Mounted at /content/drive


In [3]:
import warnings

warnings.filterwarnings("ignore")

In [4]:
import pickle
import typing as tp
from pathlib import Path

import matplotlib.pyplot as plt
import numpy as np
import pandas as pd
import seaborn as sns
from lightfm import LightFM
from rectools import Columns
from rectools.dataset import Dataset
from rectools.metrics import (
    MAP,
    NDCG,
    MeanInvUserFreq,
    Precision,
    Recall,
    Serendipity,
    calc_metrics,
)
from rectools.model_selection import TimeRangeSplitter, cross_validate
from rectools.models import LightFMWrapperModel, PopularModel
from tqdm import tqdm

# Загружаем данные

In [5]:
DATA_PATH = Path("/content/drive/MyDrive/kion_train/")
users = pd.read_csv(DATA_PATH / "users.csv")
items = pd.read_csv(DATA_PATH / "items.csv")
interactions = pd.read_csv(DATA_PATH / "interactions.csv")

In [6]:
Columns.Datetime = "last_watch_dt"
interactions.drop(interactions[interactions[Columns.Datetime].str.len() != 10].index, inplace=True)
interactions[Columns.Datetime] = pd.to_datetime(interactions[Columns.Datetime], format="%Y-%m-%d")
max_date = interactions[Columns.Datetime].max()
interactions[Columns.Weight] = np.where(interactions["watched_pct"] > 10, 3, 1)

In [7]:
# разделим датасет на три части: на валидации будем подбирать гиперпараметры, на тесте финально сравнивать модели
train = interactions[interactions[Columns.Datetime] < max_date - pd.Timedelta(days=7)].copy()
test = interactions[interactions[Columns.Datetime] >= max_date - pd.Timedelta(days=7)].copy()

train.drop(train.query("total_dur < 300").index, inplace=True)

# отфильтруем холодных пользователей
cold_users = set(test[Columns.User]) - set(train[Columns.User])
test.drop(test[test[Columns.User].isin(cold_users)].index, inplace=True)

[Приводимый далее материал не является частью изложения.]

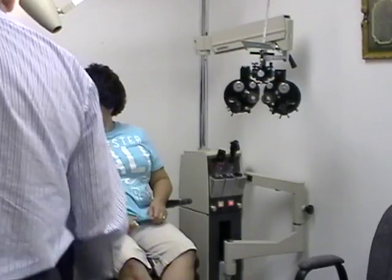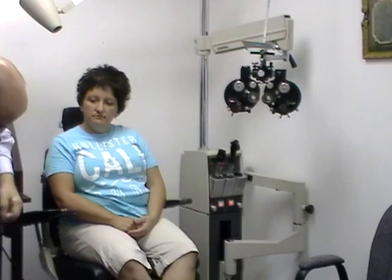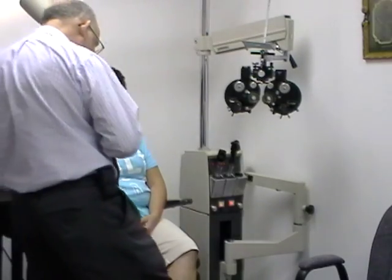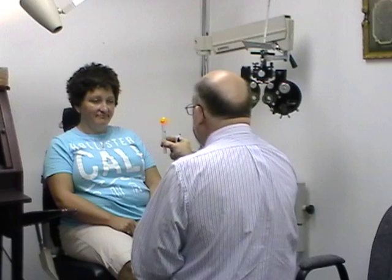This is Don, and Don is having some trouble with convergence. We're going to show what happens when we do a convergence test with a simple target, and then we're going to try using the microprism lenses to see what difference they make.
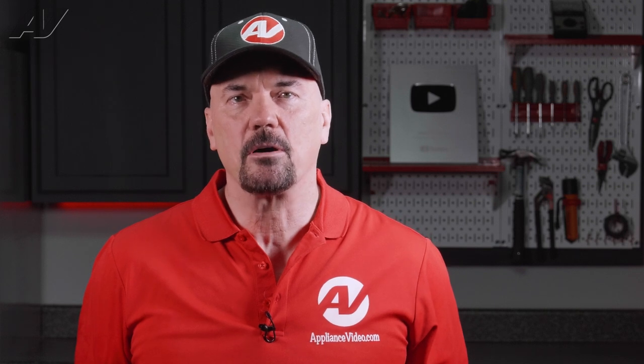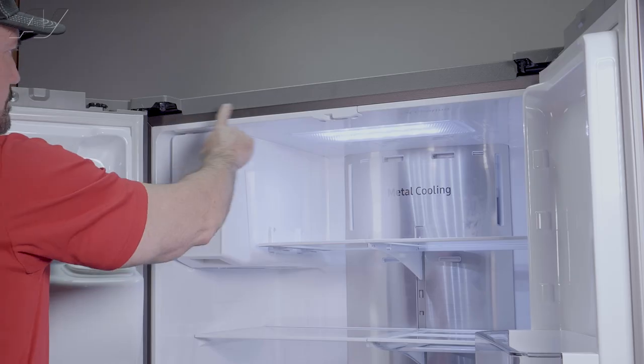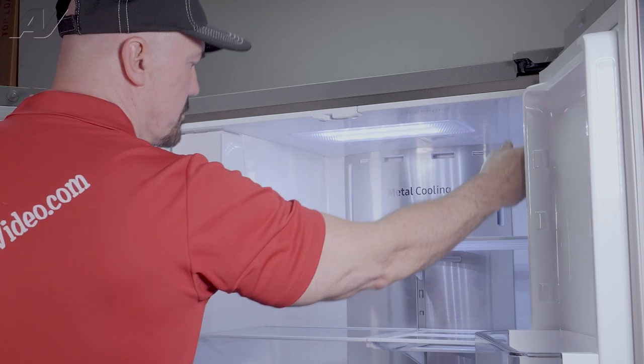Another thing you can look at — if you have an older model refrigerator, these units will sometimes have what's called an energy saving switch. The energy saving switch controls a mullion heater which goes around the door seal assembly. When the heater is in the on position it will turn on and prevent humidity from developing around the door seal.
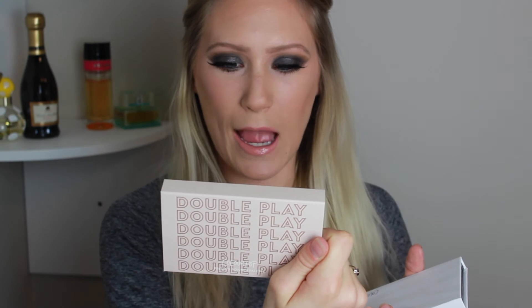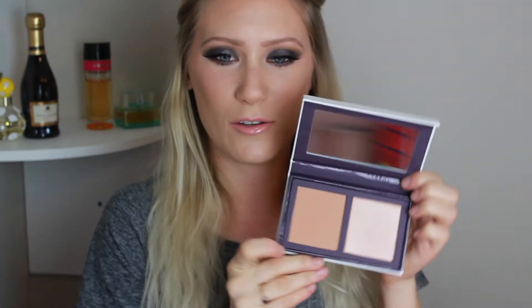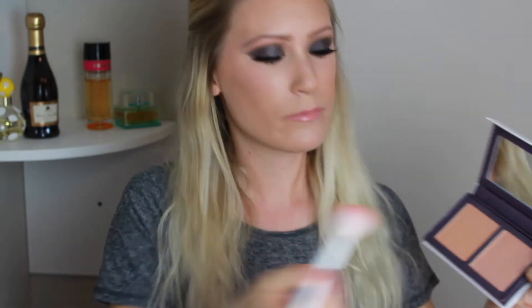So this is Double Play - this is a blush and highlight combo. One complaint I saw people have is that on the box it says what it's called, but on the actual package it doesn't. Anyway, Double Play is a blush and highlight combo. I have Gettin' Handsy, which is the blush, and Padded Down, which is the highlight. Look at those - I love them.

TEST_USERS = test[Columns.User].unique()

print(f"train: {train.shape}")
print(f"test: {test.shape}")

train: (3832711, 6)
test: (333026, 6)


# Готовим фичи

In [8]:
def get_user_features(users: pd.DataFrame, interactions: pd.DataFrame, features: tp.List[str]):
    users.fillna("Unknown", inplace=True)
    users = users.loc[users[Columns.User].isin(interactions[Columns.User])].copy()
    user_features_frames = []
    for feature in features:
        feature_frame = users.reindex(columns=[Columns.User, feature])
        feature_frame.columns = ["id", "value"]
        feature_frame["feature"] = feature
        user_features_frames.append(feature_frame)
    user_features = pd.concat(user_features_frames)
    return user_features

In [9]:
user_features = get_user_features(users, train, ["sex", "age", "income"])

In [10]:
def get_item_features(items: pd.DataFrame, interactions: pd.DataFrame):
    items = items.loc[items[Columns.Item].isin(interactions[Columns.Item])].copy()
    items["genre"] = items["genres"].str.lower().str.replace(", ", ",", regex=False).str.split(",")
    genre_feature = items[["item_id", "genre"]].explode("genre")
    genre_feature.columns = ["id", "value"]
    genre_feature["feature"] = "genre"
    content_feature = items.reindex(columns=[Columns.Item, "content_type"])
    content_feature.columns = ["id", "value"]
    content_feature["feature"] = "content_type"
    item_features = pd.concat((genre_feature, content_feature))
    return item_features

In [11]:
item_features = get_item_features(items, train)

# Формируем датасет

In [12]:
dataset = Dataset.construct(
    interactions_df=train,
    user_features_df=user_features,
    cat_user_features=["sex", "age", "income"],
    item_features_df=item_features,
    cat_item_features=["genre", "content_type"],
)

# Готовим кандидатов для ранжирования

Сохраняем разбиение с семинара.

In [13]:
max_date = interactions[Columns.Datetime].max()
min_date = interactions[Columns.Datetime].min()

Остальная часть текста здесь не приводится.